Problem statement - Take the entries below and print, exactly, the stretch from the line containing "Light Pink Cotton" through the line containing "COFIT 15 Inch", both included.

[Recorded data Boundary: Start]

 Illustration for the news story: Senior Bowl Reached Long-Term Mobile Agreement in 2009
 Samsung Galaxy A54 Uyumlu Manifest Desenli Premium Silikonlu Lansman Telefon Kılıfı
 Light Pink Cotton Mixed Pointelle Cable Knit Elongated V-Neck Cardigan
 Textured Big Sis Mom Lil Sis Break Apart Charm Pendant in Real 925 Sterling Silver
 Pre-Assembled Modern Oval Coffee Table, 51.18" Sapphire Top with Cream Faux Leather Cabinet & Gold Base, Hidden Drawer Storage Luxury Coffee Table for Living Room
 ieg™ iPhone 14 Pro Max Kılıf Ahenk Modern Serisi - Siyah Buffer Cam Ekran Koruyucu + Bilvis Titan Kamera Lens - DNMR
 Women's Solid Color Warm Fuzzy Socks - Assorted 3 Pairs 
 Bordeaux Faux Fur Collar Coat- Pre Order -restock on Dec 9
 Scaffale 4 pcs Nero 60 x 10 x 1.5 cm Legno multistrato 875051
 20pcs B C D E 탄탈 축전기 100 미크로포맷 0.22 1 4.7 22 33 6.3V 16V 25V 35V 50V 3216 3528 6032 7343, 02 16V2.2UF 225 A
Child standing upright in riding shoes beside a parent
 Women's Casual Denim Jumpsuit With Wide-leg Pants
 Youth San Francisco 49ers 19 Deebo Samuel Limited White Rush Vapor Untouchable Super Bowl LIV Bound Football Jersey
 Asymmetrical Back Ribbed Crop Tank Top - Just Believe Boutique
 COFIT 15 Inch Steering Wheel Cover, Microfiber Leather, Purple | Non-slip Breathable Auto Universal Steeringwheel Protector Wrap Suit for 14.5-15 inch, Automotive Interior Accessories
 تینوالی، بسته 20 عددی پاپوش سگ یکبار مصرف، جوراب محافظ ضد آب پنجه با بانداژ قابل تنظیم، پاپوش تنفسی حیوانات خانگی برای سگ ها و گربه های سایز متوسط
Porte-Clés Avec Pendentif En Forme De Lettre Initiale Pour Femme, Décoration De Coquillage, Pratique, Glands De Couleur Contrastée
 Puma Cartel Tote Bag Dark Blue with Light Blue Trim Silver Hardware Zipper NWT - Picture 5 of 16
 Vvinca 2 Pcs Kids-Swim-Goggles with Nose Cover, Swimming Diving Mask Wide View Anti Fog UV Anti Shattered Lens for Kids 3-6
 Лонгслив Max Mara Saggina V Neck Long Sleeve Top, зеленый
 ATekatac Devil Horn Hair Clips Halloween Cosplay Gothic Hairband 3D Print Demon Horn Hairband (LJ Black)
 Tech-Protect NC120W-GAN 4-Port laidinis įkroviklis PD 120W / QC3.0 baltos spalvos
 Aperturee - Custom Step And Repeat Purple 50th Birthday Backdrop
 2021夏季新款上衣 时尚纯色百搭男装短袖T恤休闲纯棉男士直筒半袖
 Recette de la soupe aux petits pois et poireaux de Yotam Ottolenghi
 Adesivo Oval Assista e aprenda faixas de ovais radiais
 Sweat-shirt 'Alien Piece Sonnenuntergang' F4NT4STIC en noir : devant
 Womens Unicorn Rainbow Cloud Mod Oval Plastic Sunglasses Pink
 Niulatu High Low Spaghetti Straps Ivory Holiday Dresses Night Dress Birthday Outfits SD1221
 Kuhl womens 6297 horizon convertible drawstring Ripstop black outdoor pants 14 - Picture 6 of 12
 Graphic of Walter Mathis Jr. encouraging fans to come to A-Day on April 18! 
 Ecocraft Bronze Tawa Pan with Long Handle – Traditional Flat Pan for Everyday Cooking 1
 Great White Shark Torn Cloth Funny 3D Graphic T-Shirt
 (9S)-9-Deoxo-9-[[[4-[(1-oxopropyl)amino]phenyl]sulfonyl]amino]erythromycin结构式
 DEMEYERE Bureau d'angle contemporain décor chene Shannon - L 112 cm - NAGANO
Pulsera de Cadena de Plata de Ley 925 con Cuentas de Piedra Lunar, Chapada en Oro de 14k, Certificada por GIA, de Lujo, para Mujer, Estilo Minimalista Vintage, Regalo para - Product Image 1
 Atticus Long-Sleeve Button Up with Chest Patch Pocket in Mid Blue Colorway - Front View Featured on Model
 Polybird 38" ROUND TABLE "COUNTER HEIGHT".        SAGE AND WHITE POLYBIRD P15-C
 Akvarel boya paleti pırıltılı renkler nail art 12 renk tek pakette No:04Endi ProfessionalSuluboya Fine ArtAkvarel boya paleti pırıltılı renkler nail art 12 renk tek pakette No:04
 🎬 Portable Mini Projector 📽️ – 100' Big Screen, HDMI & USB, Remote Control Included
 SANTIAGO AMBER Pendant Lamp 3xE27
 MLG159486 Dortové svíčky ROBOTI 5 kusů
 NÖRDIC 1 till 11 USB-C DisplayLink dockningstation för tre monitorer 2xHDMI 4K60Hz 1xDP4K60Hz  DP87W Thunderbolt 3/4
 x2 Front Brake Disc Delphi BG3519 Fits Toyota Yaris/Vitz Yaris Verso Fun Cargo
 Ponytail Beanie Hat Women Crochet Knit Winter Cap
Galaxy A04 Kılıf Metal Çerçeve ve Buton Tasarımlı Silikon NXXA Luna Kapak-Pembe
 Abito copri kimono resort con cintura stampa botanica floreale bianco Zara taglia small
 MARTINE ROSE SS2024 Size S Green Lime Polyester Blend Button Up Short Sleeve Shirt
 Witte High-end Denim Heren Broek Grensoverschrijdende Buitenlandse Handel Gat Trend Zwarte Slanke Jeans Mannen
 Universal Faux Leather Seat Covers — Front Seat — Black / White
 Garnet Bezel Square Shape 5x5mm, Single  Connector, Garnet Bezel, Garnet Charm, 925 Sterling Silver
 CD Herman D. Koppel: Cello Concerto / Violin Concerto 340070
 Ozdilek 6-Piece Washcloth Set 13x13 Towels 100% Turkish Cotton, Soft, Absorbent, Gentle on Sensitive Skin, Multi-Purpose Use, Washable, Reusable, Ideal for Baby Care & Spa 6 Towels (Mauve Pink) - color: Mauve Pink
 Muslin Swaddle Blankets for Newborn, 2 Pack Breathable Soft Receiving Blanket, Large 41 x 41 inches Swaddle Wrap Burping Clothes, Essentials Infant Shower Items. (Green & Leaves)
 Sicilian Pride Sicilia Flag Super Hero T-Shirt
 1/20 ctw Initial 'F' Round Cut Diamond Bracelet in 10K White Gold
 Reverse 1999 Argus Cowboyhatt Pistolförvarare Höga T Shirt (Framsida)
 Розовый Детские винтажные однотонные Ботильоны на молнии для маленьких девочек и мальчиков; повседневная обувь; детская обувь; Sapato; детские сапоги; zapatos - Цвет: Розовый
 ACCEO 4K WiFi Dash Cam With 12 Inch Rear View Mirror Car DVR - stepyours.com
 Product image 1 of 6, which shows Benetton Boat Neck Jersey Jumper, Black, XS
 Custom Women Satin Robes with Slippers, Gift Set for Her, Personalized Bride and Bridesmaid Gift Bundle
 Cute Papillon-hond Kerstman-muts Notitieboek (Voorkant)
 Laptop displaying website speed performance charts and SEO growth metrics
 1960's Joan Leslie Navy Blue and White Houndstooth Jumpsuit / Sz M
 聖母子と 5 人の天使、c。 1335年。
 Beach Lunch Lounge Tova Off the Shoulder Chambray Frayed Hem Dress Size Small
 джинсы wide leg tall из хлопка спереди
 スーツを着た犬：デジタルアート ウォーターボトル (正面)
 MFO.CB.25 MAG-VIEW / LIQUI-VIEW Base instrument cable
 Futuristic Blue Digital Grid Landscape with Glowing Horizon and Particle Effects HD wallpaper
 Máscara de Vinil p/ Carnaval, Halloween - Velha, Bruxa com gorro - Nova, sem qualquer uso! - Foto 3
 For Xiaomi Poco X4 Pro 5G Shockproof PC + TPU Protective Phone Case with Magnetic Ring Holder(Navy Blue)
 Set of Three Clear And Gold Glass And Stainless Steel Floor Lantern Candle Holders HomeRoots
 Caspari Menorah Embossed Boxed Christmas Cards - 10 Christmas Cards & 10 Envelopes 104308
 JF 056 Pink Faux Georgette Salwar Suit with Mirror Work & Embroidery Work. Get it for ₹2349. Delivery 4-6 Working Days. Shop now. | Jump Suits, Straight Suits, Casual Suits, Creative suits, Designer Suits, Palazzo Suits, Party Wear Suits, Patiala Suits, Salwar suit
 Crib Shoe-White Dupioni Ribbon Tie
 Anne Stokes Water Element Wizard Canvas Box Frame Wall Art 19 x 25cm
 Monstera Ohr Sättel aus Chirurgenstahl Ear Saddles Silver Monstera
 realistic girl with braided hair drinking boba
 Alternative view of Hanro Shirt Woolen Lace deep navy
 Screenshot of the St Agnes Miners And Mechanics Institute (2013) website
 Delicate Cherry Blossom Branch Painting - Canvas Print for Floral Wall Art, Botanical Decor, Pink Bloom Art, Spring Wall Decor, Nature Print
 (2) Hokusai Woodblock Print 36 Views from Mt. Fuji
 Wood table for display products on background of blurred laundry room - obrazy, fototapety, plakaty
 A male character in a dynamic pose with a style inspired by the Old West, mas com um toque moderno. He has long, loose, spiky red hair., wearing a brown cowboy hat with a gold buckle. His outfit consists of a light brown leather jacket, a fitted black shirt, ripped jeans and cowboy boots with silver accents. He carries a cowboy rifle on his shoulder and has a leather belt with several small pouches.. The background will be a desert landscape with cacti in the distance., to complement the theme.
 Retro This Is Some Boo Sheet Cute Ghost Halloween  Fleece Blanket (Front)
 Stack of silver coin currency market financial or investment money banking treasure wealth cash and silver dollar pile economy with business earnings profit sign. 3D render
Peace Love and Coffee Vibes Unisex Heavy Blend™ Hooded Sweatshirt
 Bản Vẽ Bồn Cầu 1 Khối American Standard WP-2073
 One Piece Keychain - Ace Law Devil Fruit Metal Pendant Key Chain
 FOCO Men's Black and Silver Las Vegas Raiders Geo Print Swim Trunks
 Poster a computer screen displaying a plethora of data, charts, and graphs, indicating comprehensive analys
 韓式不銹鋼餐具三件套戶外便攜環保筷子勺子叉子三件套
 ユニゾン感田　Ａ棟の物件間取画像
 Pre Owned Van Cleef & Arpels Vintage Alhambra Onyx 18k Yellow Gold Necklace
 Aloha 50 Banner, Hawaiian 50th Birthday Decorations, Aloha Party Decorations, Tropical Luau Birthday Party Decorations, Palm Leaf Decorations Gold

[Recorded data Boundary: End]

Answer area -
 Light Pink Cotton Mixed Pointelle Cable Knit Elongated V-Neck Cardigan
 Textured Big Sis Mom Lil Sis Break Apart Charm Pendant in Real 925 Sterling Silver
 Pre-Assembled Modern Oval Coffee Table, 51.18" Sapphire Top with Cream Faux Leather Cabinet & Gold Base, Hidden Drawer Storage Luxury Coffee Table for Living Room
 ieg™ iPhone 14 Pro Max Kılıf Ahenk Modern Serisi - Siyah Buffer Cam Ekran Koruyucu + Bilvis Titan Kamera Lens - DNMR
 Women's Solid Color Warm Fuzzy Socks - Assorted 3 Pairs 
 Bordeaux Faux Fur Collar Coat- Pre Order -restock on Dec 9
 Scaffale 4 pcs Nero 60 x 10 x 1.5 cm Legno multistrato 875051
 20pcs B C D E 탄탈 축전기 100 미크로포맷 0.22 1 4.7 22 33 6.3V 16V 25V 35V 50V 3216 3528 6032 7343, 02 16V2.2UF 225 A
Child standing upright in riding shoes beside a parent
 Women's Casual Denim Jumpsuit With Wide-leg Pants
 Youth San Francisco 49ers 19 Deebo Samuel Limited White Rush Vapor Untouchable Super Bowl LIV Bound Football Jersey
 Asymmetrical Back Ribbed Crop Tank Top - Just Believe Boutique
 COFIT 15 Inch Steering Wheel Cover, Microfiber Leather, Purple | Non-slip Breathable Auto Universal Steeringwheel Protector Wrap Suit for 14.5-15 inch, Automotive Interior Accessories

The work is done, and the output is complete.